Abstract
The traditional feature-based visual SLAM algorithm is based on the static environment assumption when recovering scene information and camera motion. The dynamic objects in the scene will affect the positioning accuracy. In this paper, we propose to combine the image semantic segmentation based on deep learning method with the traditional visual SLAM framework to reduce the interference of dynamic objects on the positioning results. Firstly, a supervised Convolutional Neural Network (CNN) is used to segment objects in the input image to obtain the semantic image. Secondly, the feature points are extracted from the original image, and the feature points of the dynamic objects (cars and pedestrians) are eliminated according to the semantic image. Finally, the traditional monocular SLAM method is used to track the camera motion based on the eliminated feature points. The experiments on the Apolloscape datasets show that compared with the traditional method, the proposed method improves the positioning accuracy in dynamic scenes by about 17%.
You have full access to this open access chapter, Download conference paper PDF
Similar content being viewed by others
Keywords
1 Introduction
SLAM (simultaneous localization and mapping) is the key technology of robot autonomous operation in unknown environment. Based on the environment data detected by robot external sensors, SLAM constructs the surrounding environment map for the robot and provides the position of the robot in the environment map at the same time. Compared with ranging instruments such as radar and sonar, the visual sensor has the characteristics of small size, low power consumption and abundant information acquisition, it can provide rich texture information in the external environment. Therefore, visual SLAM has become the focus of current research, and been applied on autonomous navigation, VR/AR and other fields.

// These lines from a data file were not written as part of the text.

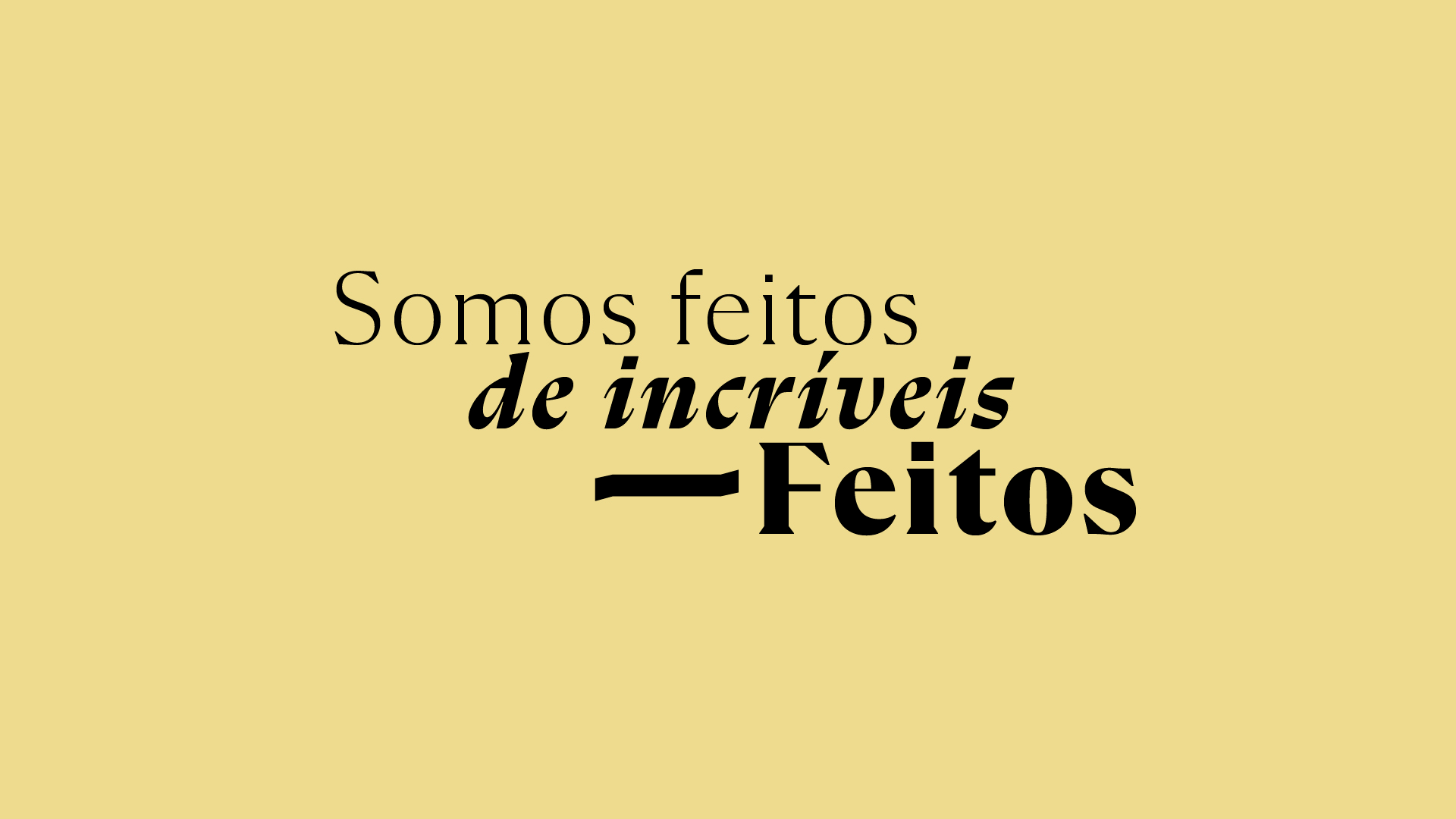 somos feitos de incriveis feitos com fundo amarelo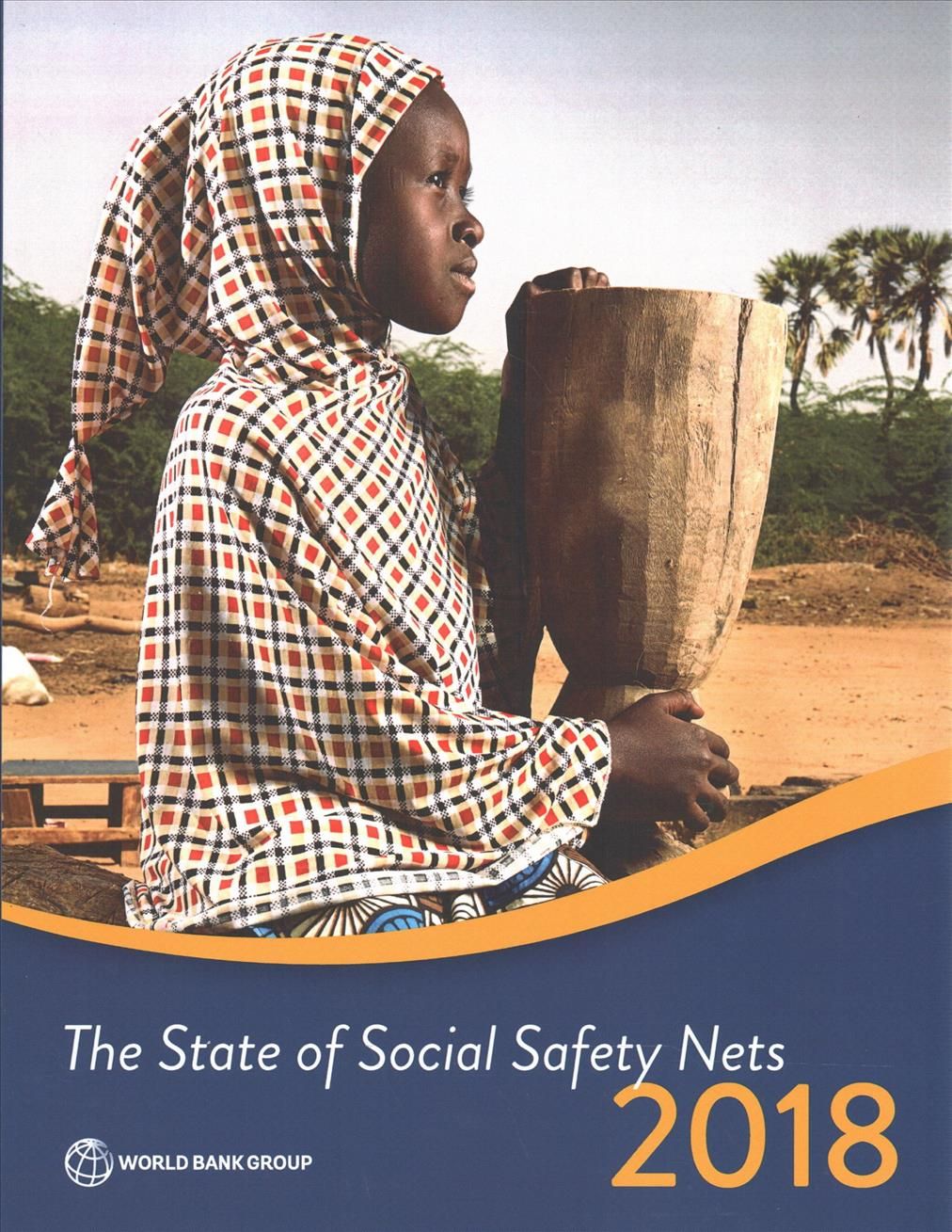 The State of Social Safety Nets 2018 By The World Bank 9781464812545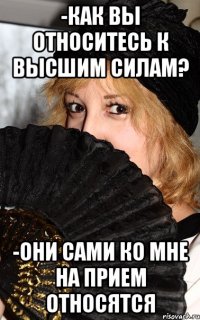 -Как вы относитесь к высшим силам? -они сами ко мне на прием относятся
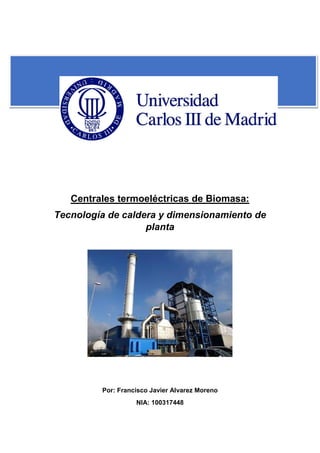 Centrales termoeléctricas de Biomasa:
Tecnología de caldera y dimensionamiento de
planta
Por: Francisco Javier Alvarez Moreno
NIA: 100317448
 
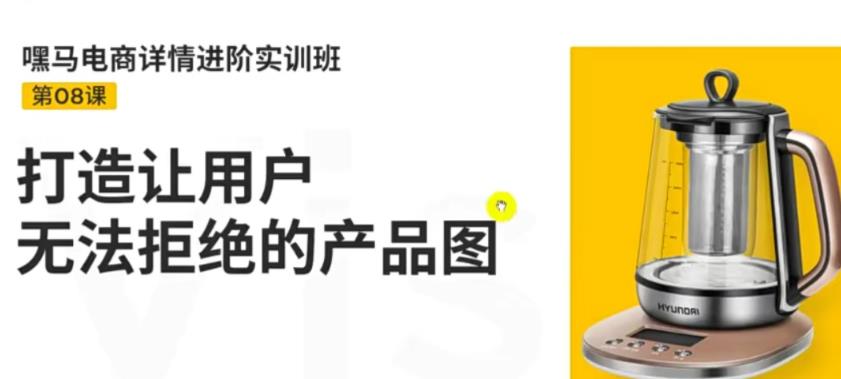 [国内电商]（3325期）嘿马电商详情进阶实训班，打造让用户无法拒绝的产品图（12节课）-第1张图片-智慧创业网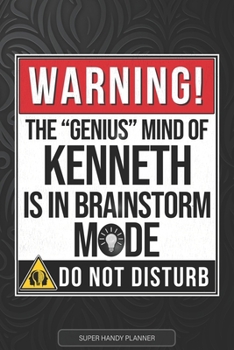 Kenneth: Warning The Genius Mind Of Kenneth Is In Brainstorm Mode - Kenneth Name Custom Gift Planner Calendar Notebook Journal
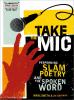 Take The Mic : the art of performance poetry, slam, and the spoken word
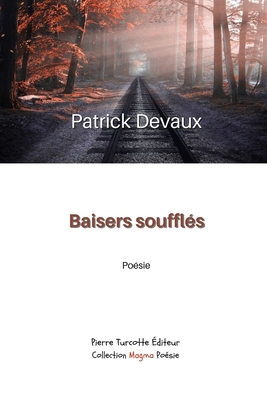 Baisers soufflés [French] 2925219241 Book Cover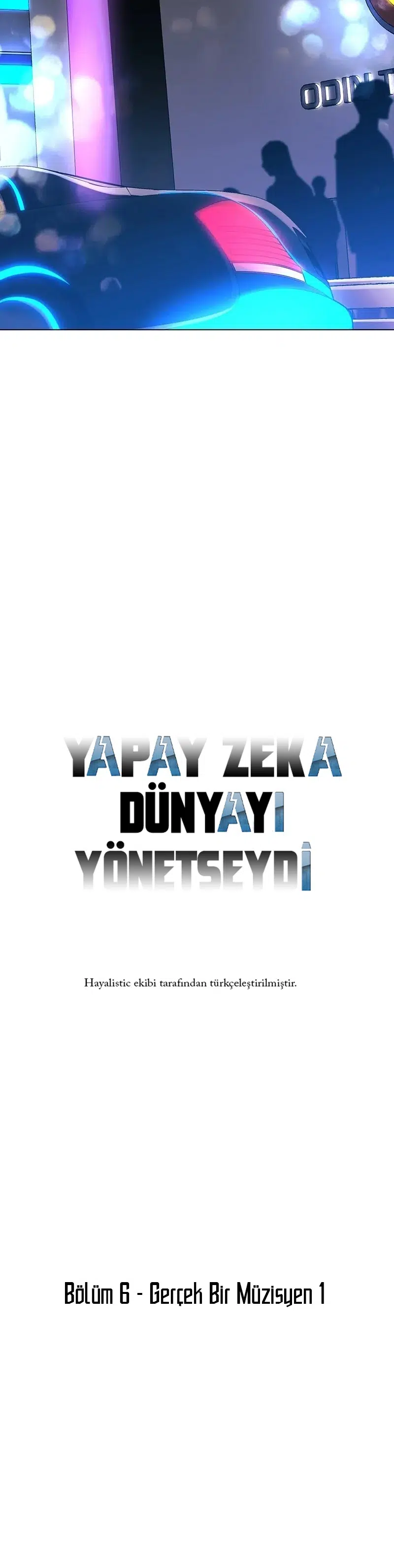 Yapay Zeka Dünyayı Yönetseydi! - Bölüm 24 Sayfa 5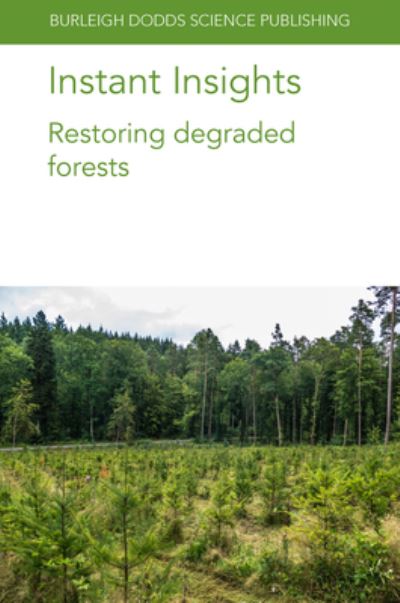 Cover for Mansourian, Dr Stephanie (IUFRO (Austria)) · Instant Insights: Restoring Degraded Forests - Burleigh Dodds Science: Instant Insights (Paperback Book) (2022)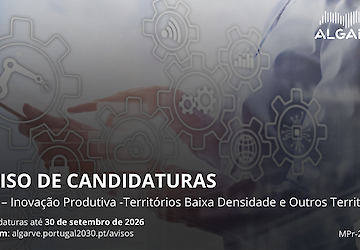 ALGARVE 2030:  11 milhões de euros para apoiar investimento produtivo e inovação empresarial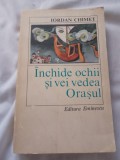 Iordan chimet-inchide ochii si vei vedea orasul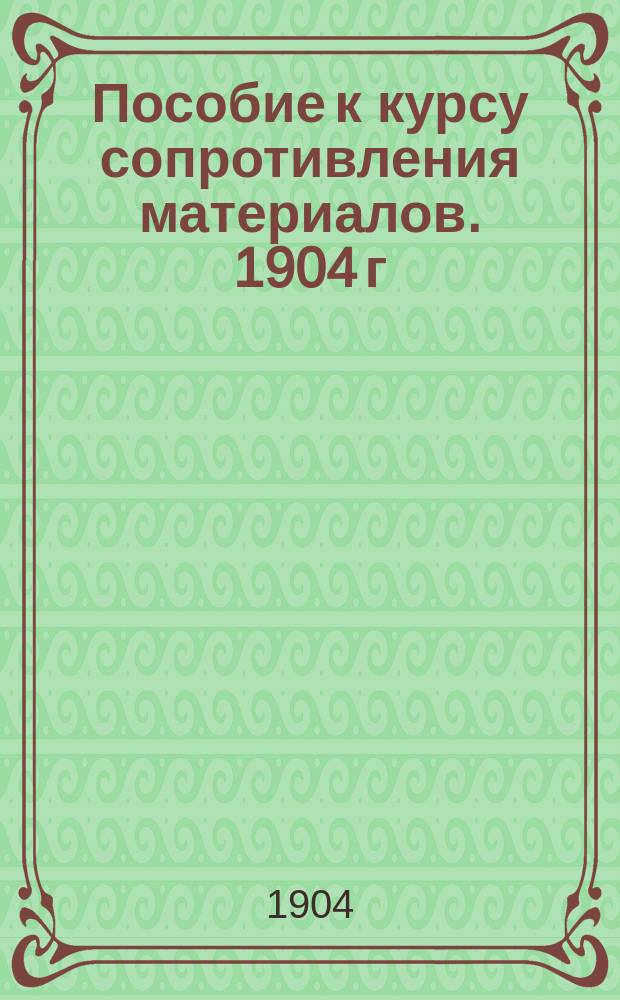 Пособие к курсу сопротивления материалов. 1904 г : Ч. [1]-. [Ч. 1]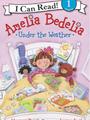 I Can Read, Level 1—Amelia Bedelia Under the Weather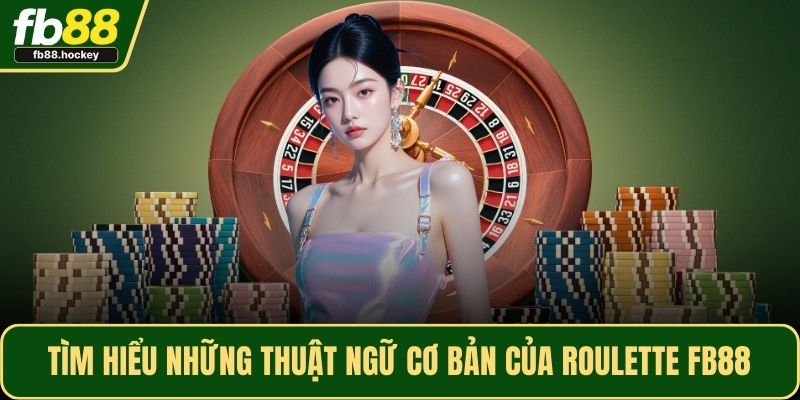 Tìm hiểu những thuật ngữ cơ bản của Roulette FB88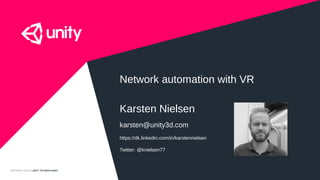 COPYRIGHT 2015 @ UNITY TECHNOLOGIES
Network automation with VR
Karsten Nielsen
karsten@unity3d.com
https://dk.linkedin.com/in/karstennielsen
Twitter: @knielsen77
 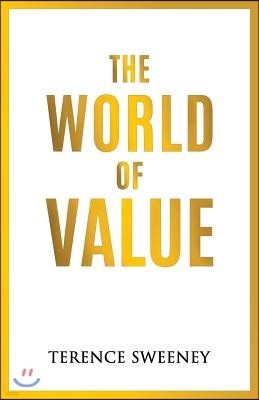 The World Of Value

In recent years, many visual SLAM systems have been invented and show the impressive performance on localization and mapping. In 2007, Davision et al. [1] proposed MonoSLAM, which establishes the framework of a probabilistic visual SLAM system, and proposes a method for the initialization of monocular features and the estimation of feature direction. The algorithm is the pioneering work of monocular real-time visual SLAM. In 2007, David Murray et al. [2] proposed PTAM, the system uses two threads to separate feature tracking and map building, and adopts bundle adjustment based on keyframes for global optimization. Engel et al. [3] proposed LSD-SLA in 2014. It is a direct method using pixel information as much as possible instead of feature points to estimate camera motion, and the optimization is achieved by minimizing photometric error. The team published DSO [4] in 2016, which is one of the most effective visual odometries based on direct method. In 2015, Mur-Artal et al. [5] proposed the ORB- SLAM based on the PTAM framework. It uses ORB features to track and match, and adds automatic initialization, loop closing detection, relocalization based on bag of word and back-end optimization method. ORB-SLAM is one of the most effective visual SLAM algorithms. The team has proposed ORB-SLAM2 [6] later, which is not only suitable for monocular cameras, but also for stereo and RGB-D cameras.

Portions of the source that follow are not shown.